But the venues canceled the performances in the wake an exchange Waters had with Ukrainian first lady Olena Zelenska in recent weeks — with Waters also facing potential censure from the Krakow City Council after a member submitted a proposal to declare him persona non grata.
Waters, who frequently speaks out on foreign policy issues and is no stranger to controversy because of it, said Saturday in a statement that the cancellation of his Polish shows would “be a sad loss for me.”
In early September, Waters published an open letter addressed to Zelenska, the wife of Ukrainian President Volodymyr Zelensky. In it, Waters professed incredulity about her assertion to the BBC that more support for Ukraine would bring the war to an end faster.

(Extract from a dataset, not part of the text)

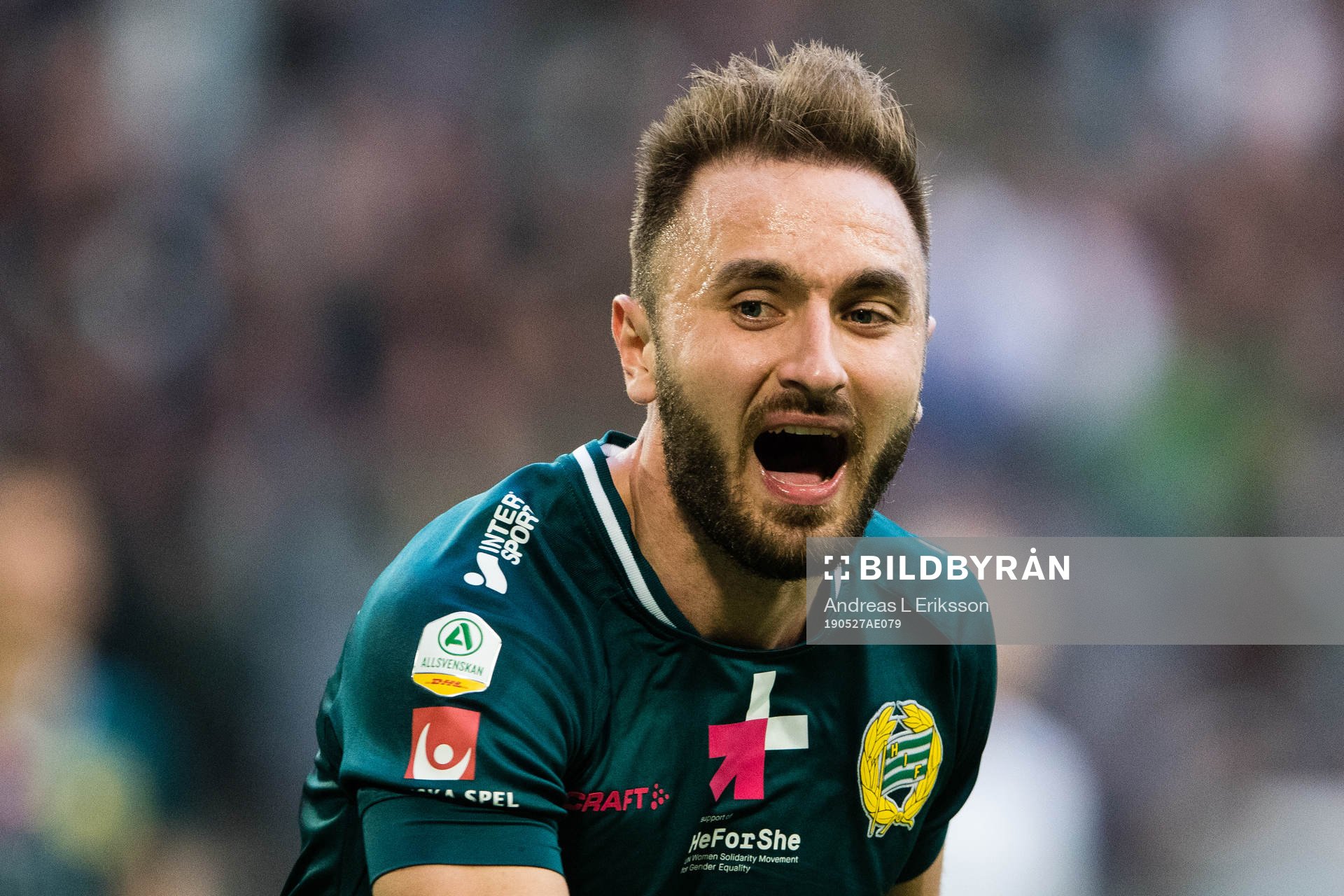 Hammarbys Muamer Tankovic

“I guess that might depend on what you mean by ‘support for Ukraine’? If by ‘support for Ukraine’ you mean the West continuing to supply arms to the Kiev government’s armies, I fear you may be tragically mistaken,” he wrote.

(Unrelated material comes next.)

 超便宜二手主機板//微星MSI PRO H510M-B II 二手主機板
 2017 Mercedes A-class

Waters went on to accuse the United States of having a vested interest in extending the war and said “extreme nationalists” in Ukraine were violating “any number of red lines that had been set out quite clearly over a number of years by your neighbors the Russian Federation,” putting Ukraine “on the path to this disastrous war” — a statement many interpreted as victim-blaming.

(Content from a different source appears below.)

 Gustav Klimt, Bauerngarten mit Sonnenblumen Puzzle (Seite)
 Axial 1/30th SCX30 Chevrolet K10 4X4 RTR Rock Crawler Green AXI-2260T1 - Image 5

Zelenska responded on Twitter that Waters should “ask [Russian President Vladimir Putin] for peace. Not Ukraine.”
In contrast, Pink Floyd, which Waters left in an acrimonious breakup in the mid-1980s, released a single this year in support of Ukraine, “Hey Hey Rise Up,” its first new music in more than two decades. The song features Ukrainian vocalist Andriy Khlyvnyuk singing a Ukrainian anthem, and proceeds from its sale were earmarked for humanitarian relief.
Poland has been one of the staunchest defenders of Ukraine — with which it shares a border — since the Russian invasion. It has taken in by far the largest number of Ukrainian refugees in Europe and has pledged or donated aid to Kyiv at levels on par with, or in some cases exceeding, commitments made by countries with much stronger economies.